Tag Archives: kidney

AAST 2011: Acute Kidney Injury And Multiple Organ Failure

Organ failure after major trauma is relatively common. Acute renal failure can occur for a variety of reasons, and tends to occur early. This abstract from Denver Health looked at acute kidney injury as a predictor for the development of multiple organ failure.

The authors retrospectively reviewed 12 years of their registry data for patients at high risk for developing organ failure. They found that multiple organ failure (MOF) developed in 21% and that 8% died. They also noted that if acute kidney injury (AKI, serum creatinine > 1.8mg/dL) occurred by day 2, it predicted the failure of additional organs. Specifically, 80% of these patients developed MOF, with a 34% mortality. Renal failure was a better predictor of multiple organ failure than heart, liver or pulmonary failure seen on day 2.

Bottom line: Early kidney failure, as shown by creatinine elevation, is a reliable predictor of multiple organ failure in severely injured patients. Prevention of acute kidney injury makes sense and may help, but further investigation is needed to demonstrate the mechanism.

Reference: Acute kidney injury and post-trauma multiple organ failure: the canary in the coal mine. AAST 2011 Annual Meeting, Paper 20.

AAST Revises Renal Injury Grading

Organ injury scaling was developed to give clinicians and researchers a common language for describing and studying the effects of trauma. The Organ Injury Scaling classification for kidney injuries was developed by the AAST in 1989. Over time, it was recognized that grades IV and V were somewhat confusing, and some injuries were not originally included. An updated grading system was published this month to correct these shortcomings.

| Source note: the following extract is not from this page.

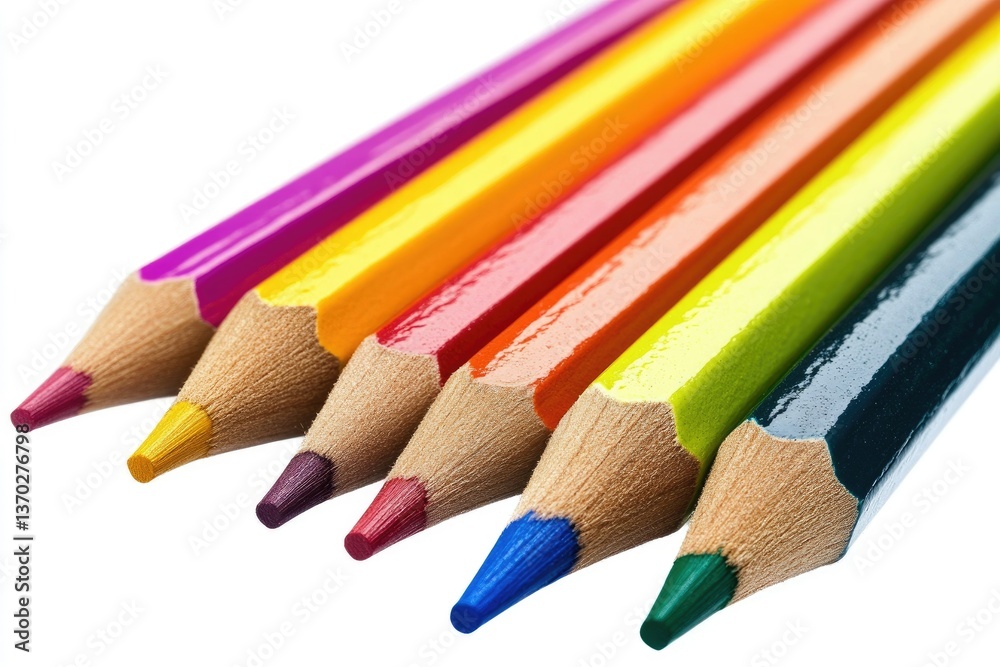 Colorful Drawing Pencils Arranged in a Row Close-up on White Background Colorful Drawing Pencils Arranged in a Row Close-up on White Background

Grades I, II, and III remain unchanged. Grades IV and V are updated as follows:

  • Grade IV – originally encompassed contained injuries to the main renal artery and vein, and collecting system injuries. Revision: adds segmental arterial and venous injury, and laceration to the renal pelvis or ureteropelvic junction. Multiple lacerations into the collecting system used to be considered a shattered kidney (Grade V), but now remains Grade IV.
  • Grade V – orignally included main renal artery or vein laceration or avulsion, and multiple collecting system lacerations (shattered kidney). The revised classification includes only vascular injury (arterial or venous) and includes laceration, avulsion or thrombosis.

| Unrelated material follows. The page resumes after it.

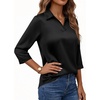 image:imageMANGOPOP Womens Satin Tunic Tops V Neck 34 Sleeve Blouses Trendy Dressy Shirts Business Casual Shirt 2026Black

Reference: Revision of current American Association for the Surgery of Trauma renal injury grading system. J Trauma 70(1):35-37, 2011.

Evaluation of Hematuria in Blunt Trauma

Hematuria ranges from microscopic to gross. Microscopic means blood that can only be seen with a microscope, and gross means visible to the naked eye. In trauma, we only care about gross hematuria, which ranges from the faintest of pink to the deepest red.

In trauma, gross hematuria is a result of an injury to kidney, ureter or bladder. Blunt injury to the ureter is so rare it’s reportable, so you can pretty much forget that one unless the mechanism is extreme. So you really just need to focus on kidney and bladder.

Any victim of blunt trauma that presents with visible hematuria needs to be evaluated by CT of the abdomen and pelvis with an added CT cystogram. Standard CT technique is done without a urinary catheter, or with the catheter clamped. Only 50% of bladder injuries show up with this technique.

CT cystogram is an add-on to the standard CT, and consists of the administration of contrast into the bladder which is then kept under pressure while the scan is done. Delayed slices through the pelvis after the bladder is depressurized and emptied is routine. Nearly 100% of bladder injuries are detected using this technique.

If the CT shows a renal laceration or hematoma, the patient should be admitted and managed according to your solid organ injury protocol. Kidney injuries fare better that livers and spleens, and only rarely require surgery. If no kidney or bladder injury is seen, the default diagnosis of a renal contusion is the culprit. No treatment is needed, and the patient can be discharged if no other injuries are present. The blood will clear over a few days, but may disappear and reappear a few times in the process. The patient can followup with their primary care physician in a week or two.